Somebody once said to Brooke Grucella: "Your colors are like taffy. You could almost eat it."
The Tucson artist says it was the best compliment she ever got. "That's how I feel about work that you like and admire. You just want to eat it. You want to ingest every detail of it. You're enveloped."
Enveloping people is what Brooke does, with art painted directly onto massive pieces of MDF, or sometimes onto walls, in a style that is somewhere along a continuum of graffiti, murals and comic books.
She picks up what she calls the "oops" house paint that people return to DIY stores, "because why let it go to waste, and sometimes those colors are really unusual". She adds acrylic paint, and sometimes ink and Sharpie pen, and she draws on the influences of her southern California upbringing - surf culture, graffiti and comics - to produce pop-arty images, statements on community, sexuality and "breaking from the system".
Brooke, a graduate of Arizona State University, didn't entirely break from the system herself. She says her brother summed her up exactly when he once said: "In a family of rock stars you are a roadie."
"I'm a nerd. I gravitate towards people on the fringes of the system, who do their own thing. But I don't think I'm quite on the outside that I aspire to," she says. Which is where the art comes in.
She grew up in Simi Valley, 45 minutes from Los Angeles, a place that prides itself on is clean air, good schools and low crime rates, famous for not much more than the fact it hosted the Rodney King trials.
On school field trips to L.A., she was drawn to the graffiti art around the canals and Venice Beach. "I was captivated by the fact that they were accessible to everybody," says Brooke.
"My family were not a family to go to LACMA or MOCA or any of the other places that are so accessible." So Brooke found art on walls, on the bottom of surfboards, and in comics. "We had a comic bookshop right up the way from our house. I read Image and the Marvel comics. I was enamored by Wolverine."
The store had a section that displayed customers' drawings, and it would always be a thrill for her when, aged 12 or 13, her copied drawings from the comics she was reading made it to that wall.
Now 33, her work is hitting walls all over, including galleries in Los Angeles, Washington D.C., San Francisco, and Tucson's Obsidian Gallery.
It's also at the new Session Yoga in Tucson's BroadwayVillage, owned by Brooke's friend Chelsea Lucas.
Chelsea and co-owner Kristin Horton commissioned Brooke to paint one of the walls in the studio. What emerged was a vivid show of some of the words that inspire the whole staff there: 'happiness', 'music', 'vinyasa', 'connect'.
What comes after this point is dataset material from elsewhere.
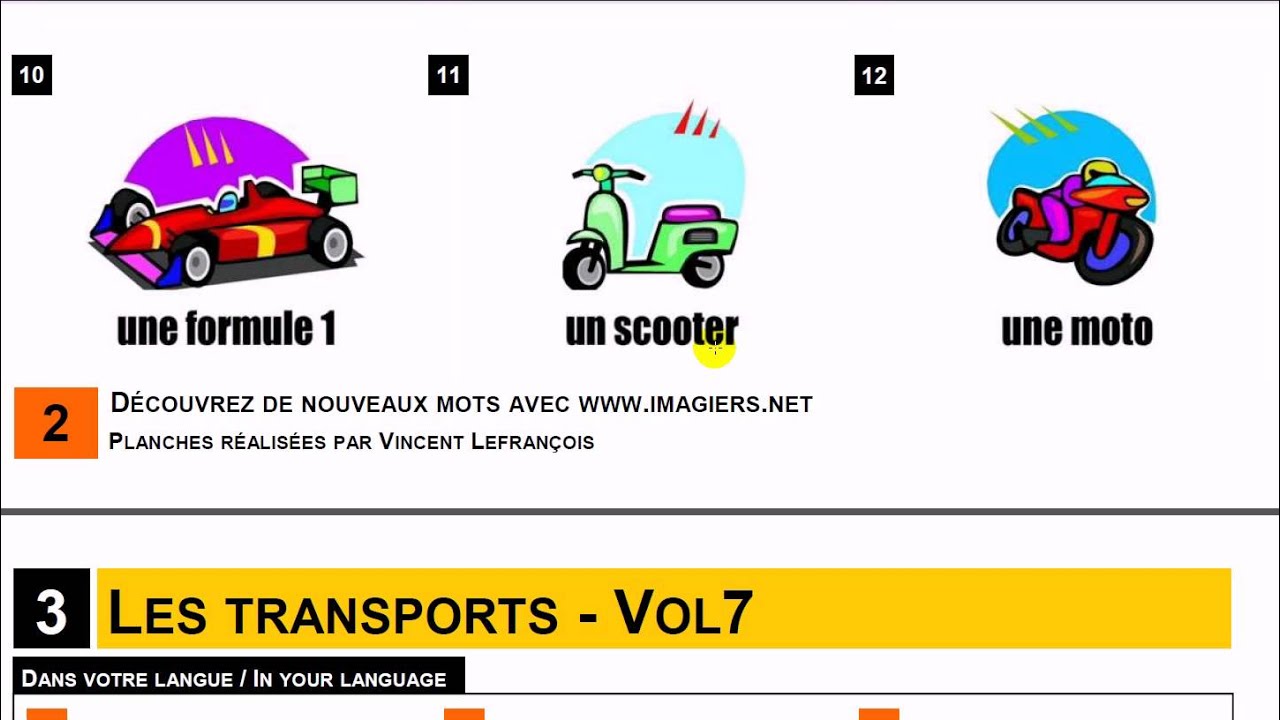 French lesson # Vocabulary # Les transports #2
Brooke moved to Tucson in 2006 for a job as professor of practice and curator of the School of Art at the University of Arizona. She makes time in the evenings and the Friday afternoons she gets off early from work to paint almost every day, in the half of her garage that she has turned into a studio. She prefers painting huge pieces; the space frees her up to have more fun, she says. And she favors painting directly onto MDF than onto canvas. "Sometimes I leave the wood exposed and sometimes there are scratch marks. That creates texture."
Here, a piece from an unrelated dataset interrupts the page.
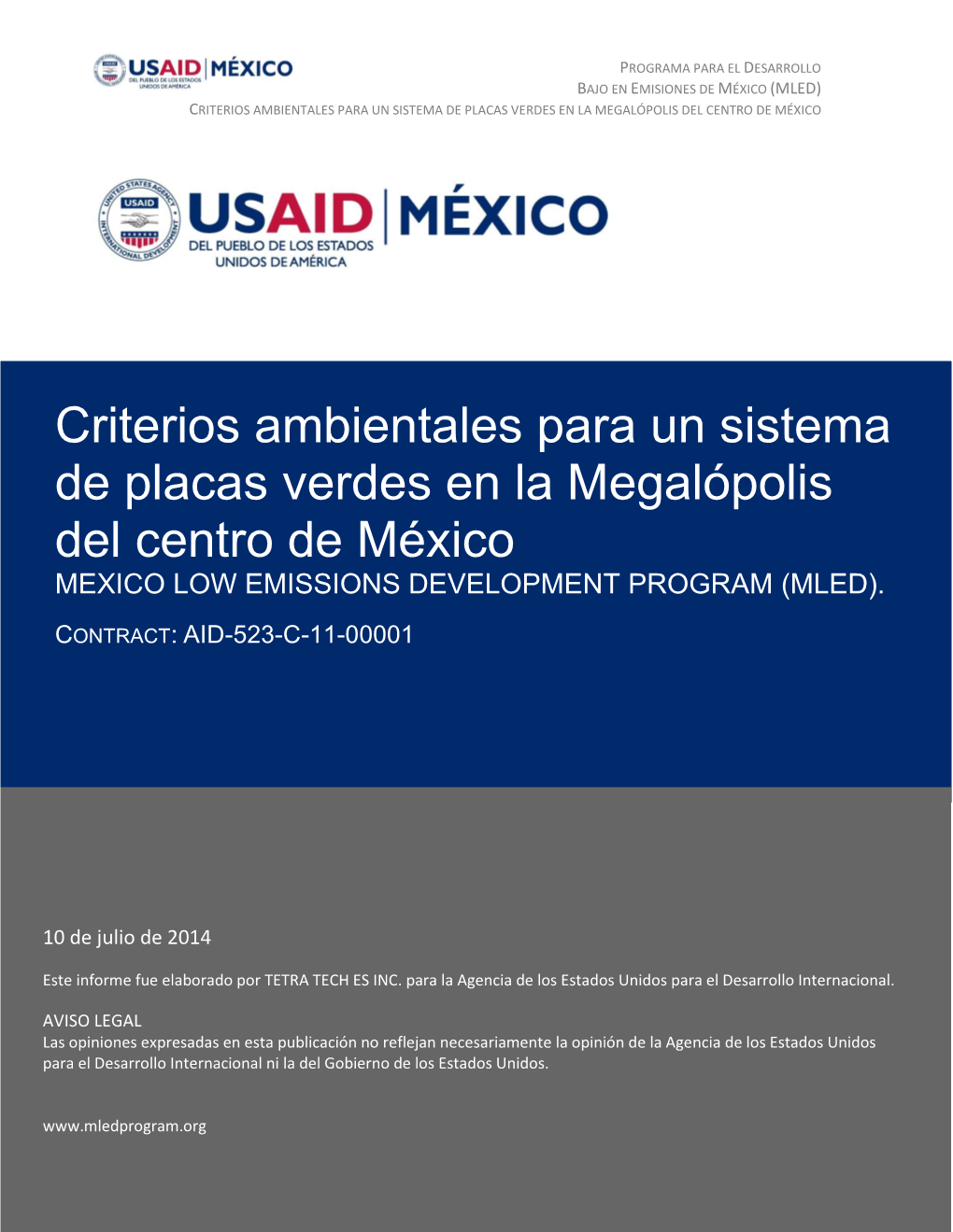 Criterios Ambientales Para Un Sistema De Placas Verdes En La Megalópolis Del Centro De México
In a show she takes part in next week at Legend City Studios in Phoenix, she has deliberately torn parts of the MDF and folded it into the work itself.
There is a "dark humor" to her pieces, she says. When commissioned by the Art Whino Gallery in Washington D.C. to do the 8ft by 20ft piece shown on our home page, she was asked to come up with something happy and lively. Sponsors of the show were SoBe and Vitamin Water. She says she had trouble, not just with the happiness element of it, but being told what to do. "To be forced into a kind of theme was the biggest challenge."
The result was a painting inspired by the song 'You Should be Dancing' by the Bee Gees. "Yeah well, my taste in music is eclectic," she laughs.